Overleveraged and cash-strapped producers’ only option will be to sell something fast. We’re already seeing this with Edge Petroleum and Delta Petroleum. This hurricane will whip up a lot of loose holdings.


Similarly, simple liquidity problems from cash flow that is now 75% lower than last summer are pinching some assets onto market. Exco Resources and Berry Petroleum are likely examples. Some, such as Hallwood Energy and Pacific Energy, have turned to bankruptcy courts to protect their assets from creditors.


Small independents with positions in shale plays will find severe capex cuts leaving large blocks of prime acreage exposed to lease expirations. This phenomenon will either result in hundreds of thousands of prime leasehold acres returned to mineral owners to sell again, or creative joint-venture deals in which the small-cap manages to partner with a well-capitalized and technologically superior big brother to beat the drill-it-or-lose-it deadline.


Others will be protected by shallow production, but without cash to drill the deeper, sweeter horizons. The JV will prevail, such as when Goodrich Petroleum farmed out its Haynesville position to Chesapeake. Better to have a small piece of pie than none at all.


Large-cap independents attempting to live within cash flow won’t be buffered from this reality, either. Having gobbled up vast swaths of acreage ahead of the unforeseen storm, many will be hard pressed to drill it on their own without access to the debt or equity markets. Noncore packages will come to market. Bigger JV offerings will let them retain core positions.


Depressed asset values will motivate some small and midsize public E&Ps with complementary assets to merge in no-cash, all-stock transactions to gain the advantage of a stronger balance sheet with more leverage in the financial markets. Cash-laden large independents will snatch up vulnerable companies or sizeable asset packages when they believe the valuations have reached the bargain basement.

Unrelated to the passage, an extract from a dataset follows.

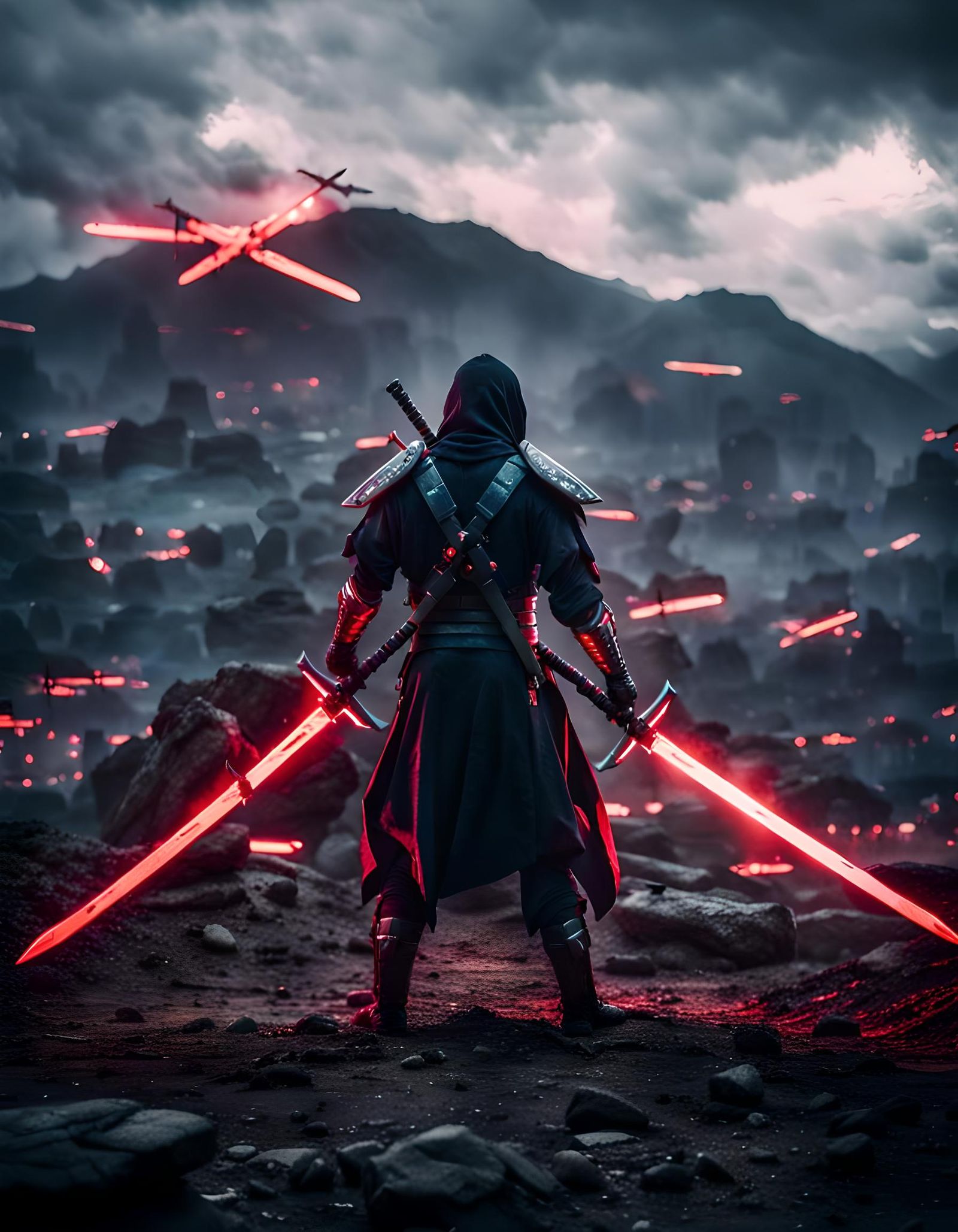 Cyborg Ninja Warrior with Glowing Swords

Private-equity players will swoop in and save the day—eventually. At present, private-equity financiers are just as cautious as the rest of the market. About $30 billion is tucked safely away, by industry estimates, but that money is going to be timid and highly discretionary.


And then, with valuations at their lowest in a decade, a major or maybe a national oil company wanting more than a foothold in a prime play will buy a popular name or two—lock, stock and barrel. The prize will be too irresistible.


Will upstream A&D activity return to normal after the storm? Yes, but a new “normal,” with an appreciation that portfolios built on sunny days must be strong enough to weather hurricane forces.